Buying tips, regardless of model
- Always check the storage situation. Many used units come with a 16GB or 32GB mSATA/M.2 module — fine for a router OS, not enough for a Docker host. Budget for a 250GB+ SSD.
- RAM upgrades pay off most. A 16GB or 32GB SODIMM kit is the single biggest performance jump these machines see.
- AC adapter included? Confirm before buying. The T620 uses a 19V barrel-jack adapter; the T630 and T640 use similar but not identical specs. Replacement adapters are cheap on Amazon but factor it in.
- Skip the WiFi card. None of these have meaningful internal WiFi worth using for a server. Wire it.
- Don’t pay for storage you’ll replace. A “loaded” thin client with a 128GB SSD often costs $30 more than a barebones one. Replace it anyway with a 500GB or 1TB drive; the markup is not worth it.
What to install
For most homelab use, Debian 12 or Proxmox VE 8 is the right starting point. Both run cleanly on all three models.

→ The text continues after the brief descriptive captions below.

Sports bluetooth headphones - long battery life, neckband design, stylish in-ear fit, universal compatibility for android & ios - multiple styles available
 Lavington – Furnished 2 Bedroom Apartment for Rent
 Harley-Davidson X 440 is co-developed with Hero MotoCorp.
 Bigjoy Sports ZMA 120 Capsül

If you’re going single-purpose router/firewall, OPNsense or pfSense both support the AMD GX-series chips fine — performance is plenty for a 1Gbps WAN link.
If you’re new to this whole world, SelfhostRealm’s beginner guide ↗ walks through hardware decisions and your first service stack in order. The thin-client path starts there, scales up to a T630 or T640, and most people never need anything bigger than that.
Bottom line
- Tightest budget, lightest workload: T620 Plus, $35–$50 used. Pair it with 16GB RAM and a 500GB SATA SSD.
- Real Docker host or small Proxmox node: T630 with 16GB+ and a 1TB SATA M.2 drive. $50–$80 used.
- Want NVMe and modest performance: T640 if you find one for under $120. Otherwise jump to an N100 mini PC.
Three years on, my T620 Plus has paid for itself in electricity savings alone — it pulls about 60 kWh per year, or roughly $9 at average US rates. The mini PC it replaced was pulling 240 kWh. That’s why these machines are still here in 2026, and why I’ll keep recommending them as the cheapest sensible entry to a real homelab.